Exercise details>
From the entries below, output the line with "Cum să vopsești" and each following line up to and including the line with "Royston, Cambridgeshire, SG8 0BQ picture 5", exactly as written.

───── Records for processing

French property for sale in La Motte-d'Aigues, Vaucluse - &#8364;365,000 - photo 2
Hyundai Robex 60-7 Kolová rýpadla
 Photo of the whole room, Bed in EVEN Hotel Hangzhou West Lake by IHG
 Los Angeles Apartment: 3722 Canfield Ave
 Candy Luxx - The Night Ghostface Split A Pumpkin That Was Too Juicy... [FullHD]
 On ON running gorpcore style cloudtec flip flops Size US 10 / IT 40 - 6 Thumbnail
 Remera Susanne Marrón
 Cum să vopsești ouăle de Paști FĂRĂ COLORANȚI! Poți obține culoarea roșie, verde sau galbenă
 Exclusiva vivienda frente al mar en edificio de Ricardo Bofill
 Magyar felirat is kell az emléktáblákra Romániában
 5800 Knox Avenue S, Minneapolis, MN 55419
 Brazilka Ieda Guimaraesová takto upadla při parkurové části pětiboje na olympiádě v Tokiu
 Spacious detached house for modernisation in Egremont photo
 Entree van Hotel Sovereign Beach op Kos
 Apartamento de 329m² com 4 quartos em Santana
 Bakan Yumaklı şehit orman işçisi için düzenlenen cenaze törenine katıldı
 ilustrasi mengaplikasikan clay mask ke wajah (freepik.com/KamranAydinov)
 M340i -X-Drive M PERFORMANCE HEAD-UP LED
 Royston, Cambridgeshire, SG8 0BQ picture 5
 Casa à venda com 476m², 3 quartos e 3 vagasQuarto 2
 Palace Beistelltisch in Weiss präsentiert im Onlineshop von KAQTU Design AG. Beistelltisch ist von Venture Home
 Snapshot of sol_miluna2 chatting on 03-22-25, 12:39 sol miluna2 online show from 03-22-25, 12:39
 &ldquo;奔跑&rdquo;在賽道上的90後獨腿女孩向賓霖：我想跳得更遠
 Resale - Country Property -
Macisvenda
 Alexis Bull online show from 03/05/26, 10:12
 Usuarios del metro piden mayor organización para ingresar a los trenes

──────────

Your response>
 Cum să vopsești ouăle de Paști FĂRĂ COLORANȚI! Poți obține culoarea roșie, verde sau galbenă
 Exclusiva vivienda frente al mar en edificio de Ricardo Bofill
 Magyar felirat is kell az emléktáblákra Romániában
 5800 Knox Avenue S, Minneapolis, MN 55419
 Brazilka Ieda Guimaraesová takto upadla při parkurové části pětiboje na olympiádě v Tokiu
 Spacious detached house for modernisation in Egremont photo
 Entree van Hotel Sovereign Beach op Kos
 Apartamento de 329m² com 4 quartos em Santana
 Bakan Yumaklı şehit orman işçisi için düzenlenen cenaze törenine katıldı
 ilustrasi mengaplikasikan clay mask ke wajah (freepik.com/KamranAydinov)
 M340i -X-Drive M PERFORMANCE HEAD-UP LED
 Royston, Cambridgeshire, SG8 0BQ picture 5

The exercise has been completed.